На изображение истории второй мировой войны — что касается участия в ней Англии — до сих пор большое влияние оказывает монументальное сочинение Черчилля «Вторая мировая война», и лишь постепенно это изображение становится более объективным, более критичным. Кажется невозможным в настоящее время дать этой войне справедливую и взвешенную оценку. Все, что сейчас известно из документов и мемуарной литературы, указывает на то, что описание Черчилля страдает характерным недостатком, присущим почти всем его историческим трудам: желанием продолжать политику чисто писательскими средствами, приписать политическому актеру Черчиллю мысли, мотивы, и действия, которые историк Черчилль, оглядываясь назад и «Sub specie aeternitatis» («если смотреть на вещи с точки зрения вечности»), счел бы правильными и достойными.

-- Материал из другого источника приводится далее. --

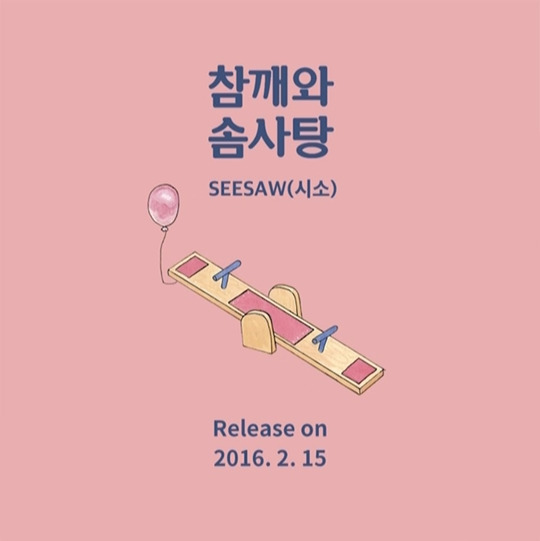 참깨와 솜사탕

Таким образом маскируются не только его ошибочные решения и суждения, но и вводятся новые измерения, которые должны соответствовать политику и историку всемирно-исторического масштаба. Однако уже сегодня можно со всей определенностью сказать, что Черчилль на вершине своей карьеры и политического влияния в принципе принял лишь одно всемирно-историческое решение, отказавшись от идеи компромиссного мира в июле 1940 года и выдержав до конца курс на полную победу «любой ценой». Оставим в стороне вопрос о том, насколько это решение было принято Черчиллем самостоятельно. Он имел постоянные связи с влиятельными кругами США, в поддержке которых не сомневался, к которым апеллировал во всех своих речах и в которых был так уверен, что уговорил своего французского коллегу по союзу Поля Рейно обратиться к президенту Рузвельту и просить его оказать помощь союзной державе, находившейся на пороге поражения. Истинные размеры этих взаимосвязей и взаимозависимости и сегодня трудно определить. Еще во время войны нижней палатой были сделаны запросы, касавшиеся секретной переписки с американским президентом, и было высказано довольно обоснованное предположение, что она в значительной степени способствовала вступлению Англии в войну. Непоколебимая уверенность Черчилля в победе и как следствие его решимость продолжать войну до полного уничтожения гитлеровской Германии способствовали принятию единственно правильного решения, значение которого трудно переоценить. С этого времени руководство миром переходит ог Европы к другим державам, которые были единственными, кто мог справиться с патовой ситуацией, в которой глубоко увязли обе основные силы, ведущие войну, — Германия и Англия. На этой наивысшей точке его политической карьеры заканчивается и личная история Уинстона Черчилля как одной из главных фигур в политической жизни Англии и всего мира.
События последующих лет являются «мировой историей», но уже не историей Черчилля, поэтому хотелось бы представить их в более общем виде. Каким образом Гитлер намеревался выйти из неожиданной для него патовой ситуации, сегодня всем известно; это было тогда известно и Черчиллю. Старая идея похода на восток под видом борьбы с большевизмом потерпела фиаско в конкретном «Плане Барбаросса». В противовес ему усилия Черчилля были направлены на создание «Великого альянса», который не давал ему покоя с середины тридцатых годов. Уже в июле 1940 года он направляет левого социалиста сэра Стаффорда Криппса в качестве специального посланника в Москву с важным поручением: предложить Советскому Союзу выйти из «противоестественного пакта» Гитлера — Сталина с обещаниями учесть его разумные территориальные притязания. Поскольку эта миссия была безуспешной, и посланник оказался в полном смысле слова перед закрытыми дверьми, Англия изменила свои планы и — согласно последним работам советских исследователей — решила поддержать Гитлера в его планах, используя, кроме всего, ложные агентурные донесения и несколько странно трактуемое «дело Гесса». Все это как будто подтверждало подозрения Англии о молчаливом взаимопонимании двух других сторон. Ясно лишь одно: Черчилль всеми силами способствовал открытию нового «восточного фронта» точно так же, как в 1940/41 году он пытался создать балканский фронт на территории Греции и Югославии. Успех, которого он добился здесь, был очень непродолжительным.